With pictures left out, output exactly the lines of the listing below from the line that has "Gold Plated Gun Necklace Jewelries Pendant" to the line that has "Claude Monet Poster", both lines kept.

BEGIN Input material

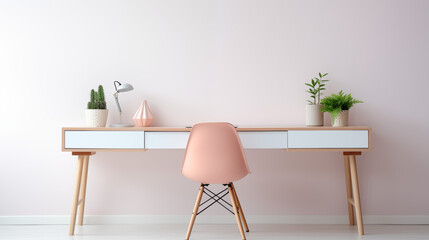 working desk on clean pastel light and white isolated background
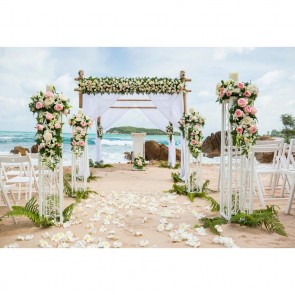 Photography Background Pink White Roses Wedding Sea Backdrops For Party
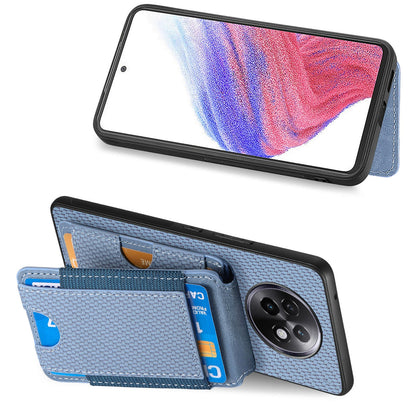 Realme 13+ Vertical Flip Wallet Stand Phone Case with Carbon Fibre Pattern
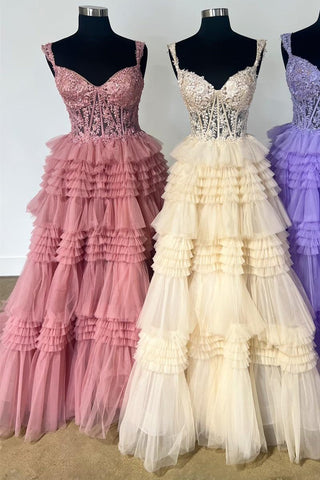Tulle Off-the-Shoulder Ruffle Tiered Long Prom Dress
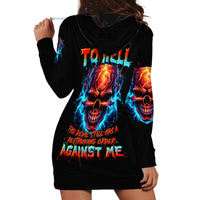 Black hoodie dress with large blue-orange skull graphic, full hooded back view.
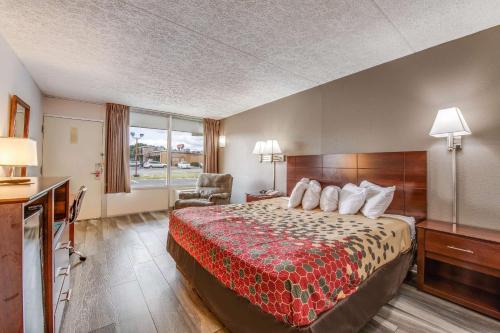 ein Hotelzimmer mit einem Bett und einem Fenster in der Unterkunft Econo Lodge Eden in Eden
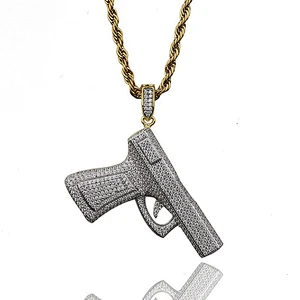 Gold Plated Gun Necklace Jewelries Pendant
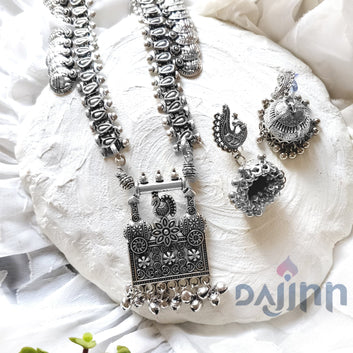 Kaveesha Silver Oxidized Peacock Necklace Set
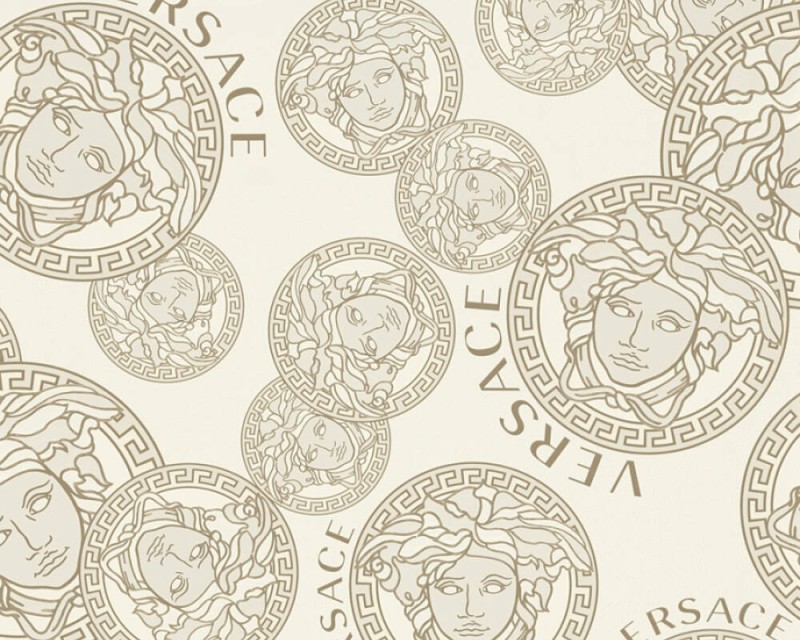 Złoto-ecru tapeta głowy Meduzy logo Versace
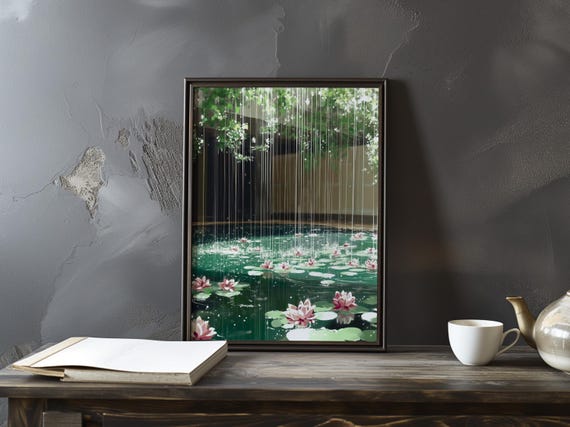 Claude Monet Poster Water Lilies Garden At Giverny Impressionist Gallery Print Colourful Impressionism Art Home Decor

END Input material
BEGIN Input material

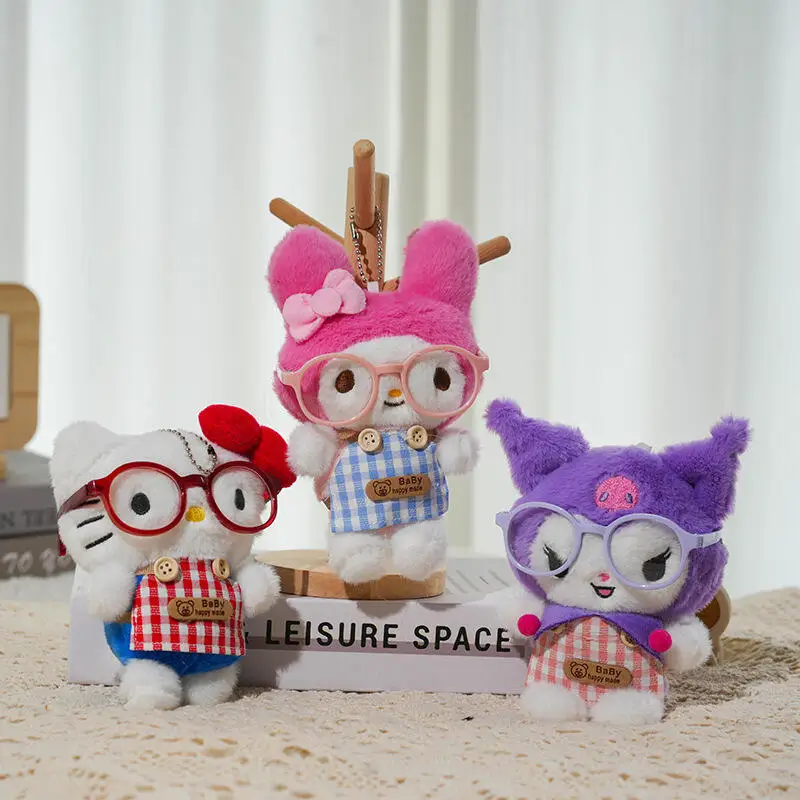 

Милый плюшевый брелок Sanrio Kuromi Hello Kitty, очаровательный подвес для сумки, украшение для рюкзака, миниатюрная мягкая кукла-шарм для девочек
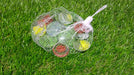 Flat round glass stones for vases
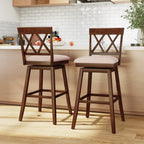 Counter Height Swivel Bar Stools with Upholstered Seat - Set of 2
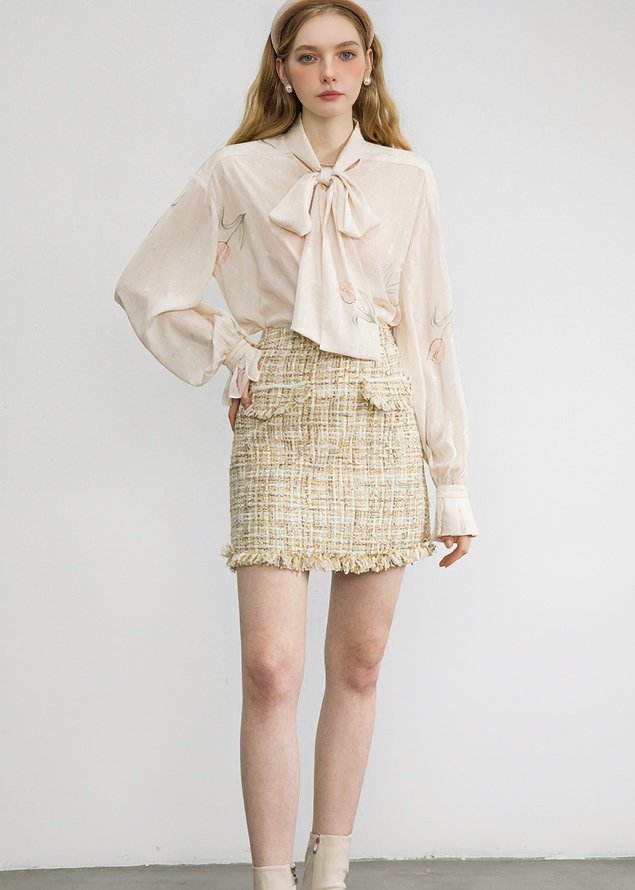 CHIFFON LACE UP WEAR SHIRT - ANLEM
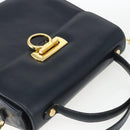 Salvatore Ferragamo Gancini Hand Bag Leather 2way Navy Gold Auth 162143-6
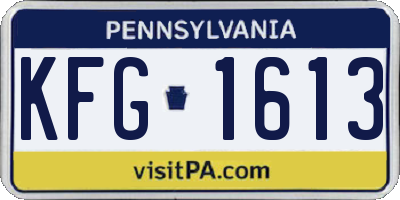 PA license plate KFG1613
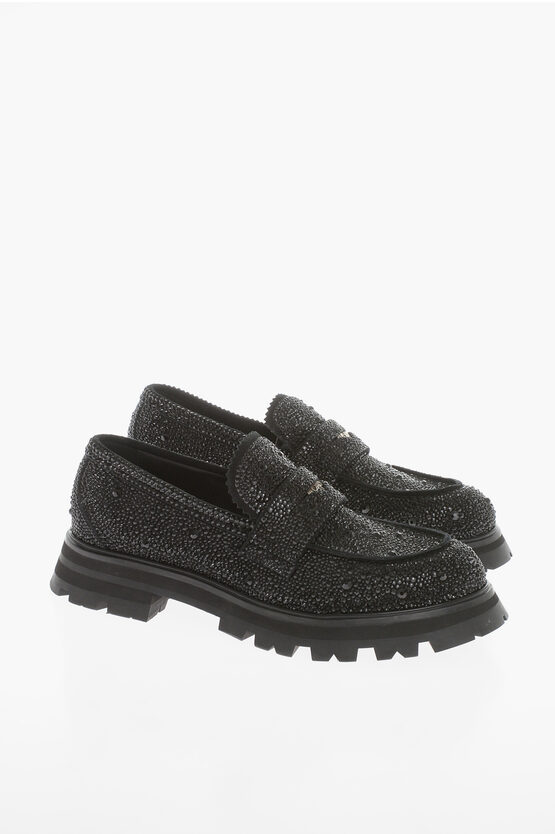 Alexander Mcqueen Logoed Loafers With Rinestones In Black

END Input material
BEGIN Input material

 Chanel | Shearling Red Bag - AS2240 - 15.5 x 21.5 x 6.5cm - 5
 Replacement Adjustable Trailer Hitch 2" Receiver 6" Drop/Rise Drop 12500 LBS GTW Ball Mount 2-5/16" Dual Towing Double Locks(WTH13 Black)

END Input material

* **Answer**:
 Gold Plated Gun Necklace Jewelries Pendant
 Kaveesha Silver Oxidized Peacock Necklace Set
 Złoto-ecru tapeta głowy Meduzy logo Versace
 Claude Monet Poster Water Lilies Garden At Giverny Impressionist Gallery Print Colourful Impressionism Art Home Decor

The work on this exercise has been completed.